While you can use ancestry.ca for free, the real value is access to the trove of data they have available. To get access you pay a monthly fee – and this is fair – running a website (even this one) isn’t free. But what do you charge people? It’s pretty variable, it depends on some fix costs – but there are many other variable costs, and coming up with a fair number is hard.
Of course with marketing you also want to set a fixed price, but offer deals to encourage customers to make the leap from fee to paying. Here is where I struggle with the approach when those discounts move around dynamically.
A gift membership seems like a great way to get someone started. However, this is what you get if you want to go down that path
Two plans, and either 6 or 12 months.
Contrast this with what just subscribing offers you
Ok, well – there is a lower plan that is significantly cheaper if we consider a 12 month plan. So maybe a good gift is that “All Canadian Records” version. That was my plan – and so I printed out the website page and said – hey, here you are I will gift you the 12 month lowest tier plan.

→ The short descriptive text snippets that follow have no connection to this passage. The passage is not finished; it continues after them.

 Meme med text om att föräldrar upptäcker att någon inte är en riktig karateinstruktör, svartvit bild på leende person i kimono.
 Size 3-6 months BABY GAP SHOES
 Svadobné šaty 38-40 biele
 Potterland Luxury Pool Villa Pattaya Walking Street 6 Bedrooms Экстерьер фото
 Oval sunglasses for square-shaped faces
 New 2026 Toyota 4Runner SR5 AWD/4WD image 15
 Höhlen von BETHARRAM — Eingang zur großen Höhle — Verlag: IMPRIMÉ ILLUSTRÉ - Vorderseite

Then weirdness started. The first attempt to take the logged in ancestry account and subscribe landed at a page that offered up a different price.
Wait, what? Where did my 12 month option go? This is not nearly as good a deal. Let’s grab another computer and visit the site to see what’s going on.

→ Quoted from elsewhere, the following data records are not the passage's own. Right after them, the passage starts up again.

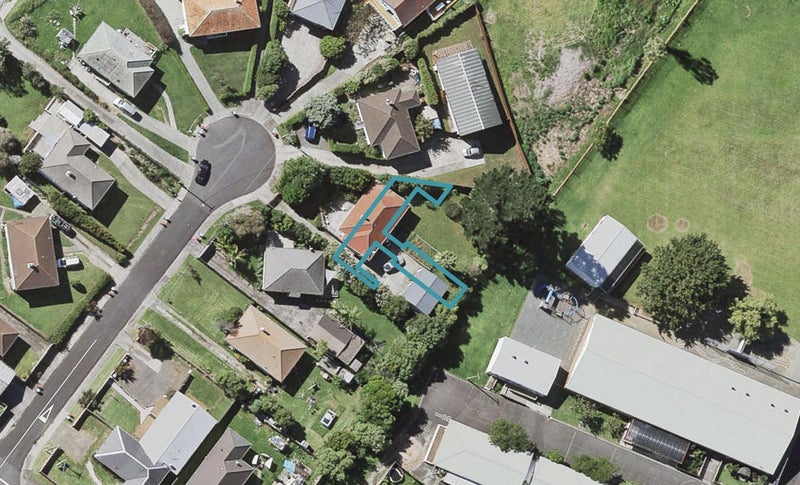 4/7 Cintra Place, Glen Innes, Auckland - Carousel 1
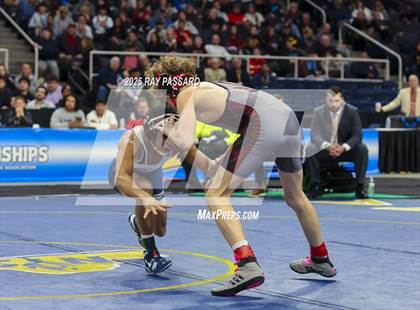 Thumbnail 3 in NYSPHSAA Finals (101 lbs - 124 lbs) photogallery.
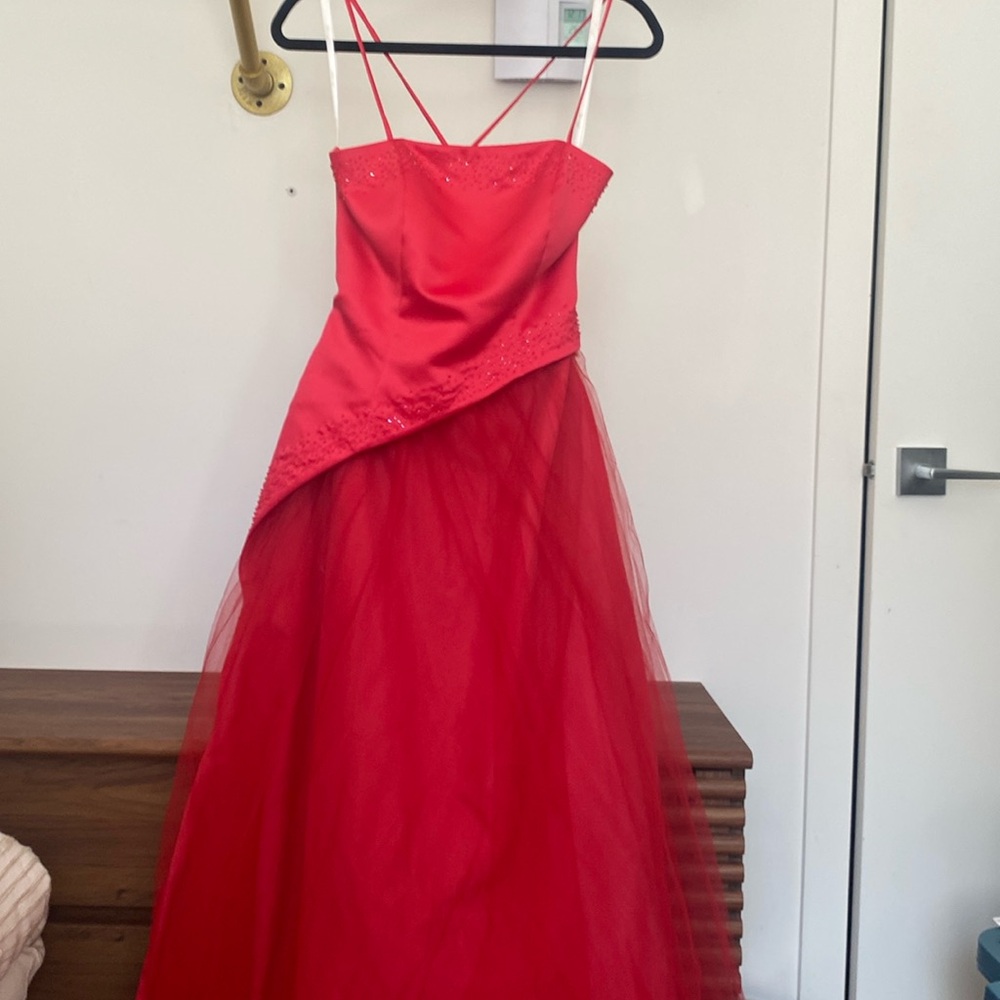 OBLIQUE - Tulle Red Gown - size 4 US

Great, now we only see a monthly price? No more multi-month discounts?
Of course, the next thing I do is start trying different browsers. I get a variety of the 3 possible choices all captured above. However, I’m still struggling to figure out how do I purchase the right “cheap” one of $119.88 / year?
In the end, I kept creating new incognito windows in Chrome until I got the right price. This actually took a bit of trying as mostly I was getting only the 6 month option. Once I got the right price I clicked on the “Become a Member” button, and signed in on that window. As I worked through the credit card payment page, it seemed – yes, I was paying for the right $119.88 price – my total was +tax, and it went through on my credit card at that price. Problem solved.
This does make me wonder, how would a normal person do this? A gift membership would push people to a higher level plan (and extra $60/year). If they got only the monthly cost ($14.99) that stacks up to an $60.11/year. The 6-month plan is an extra $20.10/year. From a yearly price point – the cheapest gift membership is 50% more expensive; monthly payments also work out to 50% more expensive, and the 6-month option is 17% more expensive.
Just like casinos, the house always wins with algorithmic pricing. This type of pricing makes me less (and likely many others) less likely to actually buy things from companies that do this. I value the service they are providing, but I want to pay a fair price – not one that is a roll of the dice.